Residents who live in unincorporated Pinellas but get their water from Pinellas Park would see their bills go from $6.64 per thousand gallons of water each month in the first tier to $7.24 per thousand. Their minimum bill would increase from $19.91 to $21.71, The city adds a 25 percent surcharge for providing water to people who do not live within the city limits.
The surcharge is legal, said Tom Crandall, director of Pinellas County Utilities. But it's not mandatory that cities charge it.
"They could choose not to," Crandall said.
Indian Rocks Beach commissioners last month voted to raise sewer fees by 60 percent from $23.72 to $37.95 each month. More increases are expected over the next few years.
Pinellas County is also upping the rates it charges customers. Water rates will go from $4.16 per thousand gallons per month to $4.28 per thousand gallons, which is about a 3 percent increase. There is a $6 minimum fee tacked onto each bill.
Pinellas Park is blaming those county increases for its 9 percent jump in water rates. But the city's argument was a bit murky. In backup documents before last month's preliminary vote, officials said the 9 percent increase was caused by a 3 percent hike in the county's charges. Then, at the meeting, officials explained that the county increase was really 6 percent — a 3 percent hike in February and the upcoming 3 percent hike on Oct. 1. So that 6 percent was a pass-through billing to residents. The additional 3 percent making the total 9 percent increase is to make sure the city has enough money to back bonds it sold to improve the water/sewer/reclaimed water system.
If the city did not increase the rates, Pinellas Park could lose its high bond rating and the bonds might be called, forcing the city to pay them off immediately.
That argument did not convince at least one Pinellas Park resident. Joe Thielbar, who protested the rate increase at last month's meeting, said he still opposes the 9 percent jump in the rate.
"The people of this community are facing severe economic pressures right now, therefore, the timeliness of the proposed rate increase should be considered," Thielbar said. "The 3 percent increase in the wholesale cost of potable water does not justify the 9 percent across-the-board rate increase in utility services."
Thielbar also questions the wisdom of having a city-run water system. The system, he said, should be turned over to the county, which can run it more efficiently and for a lower cost.
"The utility itself does not serve the public good," Thielbar said. "It functions as a merchant and simply buys at wholesale and sells at retail. Its services could easily be provided by the county. If the county took over, the size of government would be reduced, utility customer billings would go down, and the proposed utility rate increase would not be needed."

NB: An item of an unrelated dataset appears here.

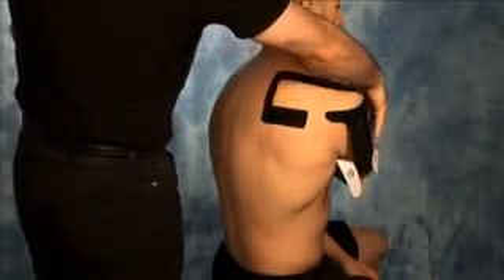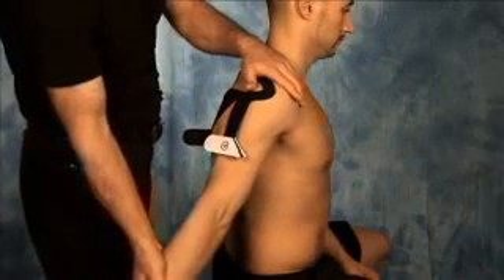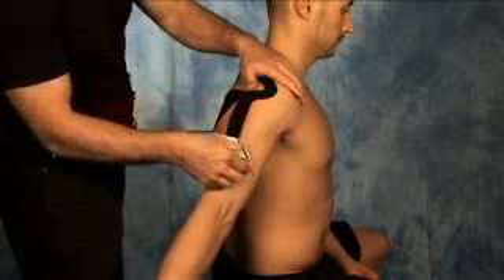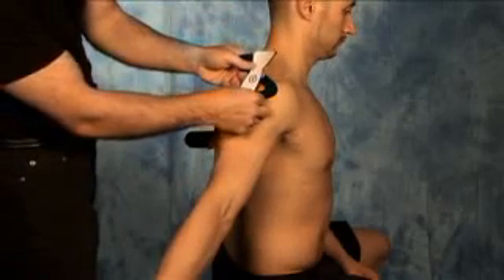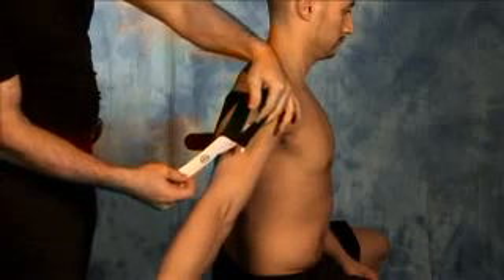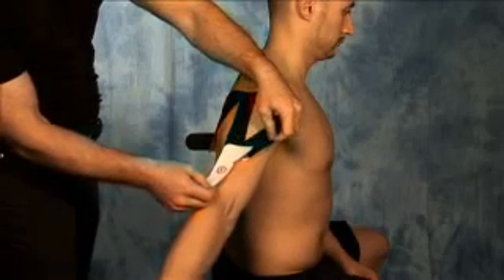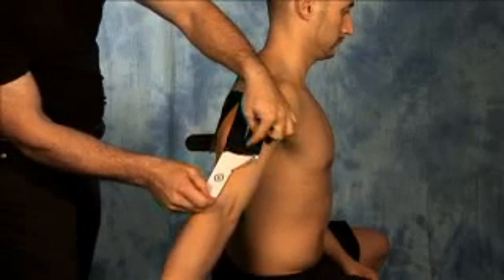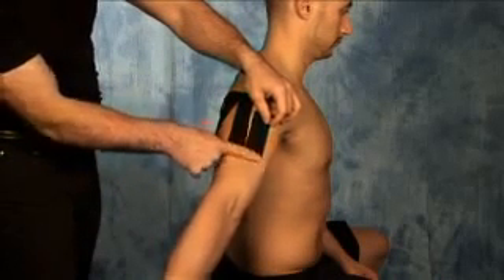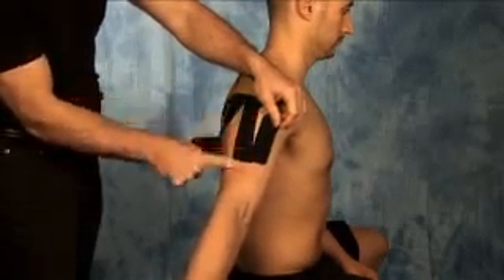For section number five, take the arm, straighten it out, and extend it back behind the body, stretching out the anterior delt and the bicep. Start peeling back the backing of section number five, allowing the tape to come in gentle contact with the lateral portion of the arm. Let the tape come in contact with the skin and gently rub over top of it, smoothing out any creases.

Mayor Bill Mischler and other City Council members, however, said city's utilities department gives better service than Pinellas County would. Besides, they doubted Pinellas County would want to take over the city's system.
Crandall, the county utilities director, said Pinellas Park would first have to offer the system to the county. Then, the county would have to consider whether it would want to take over the system.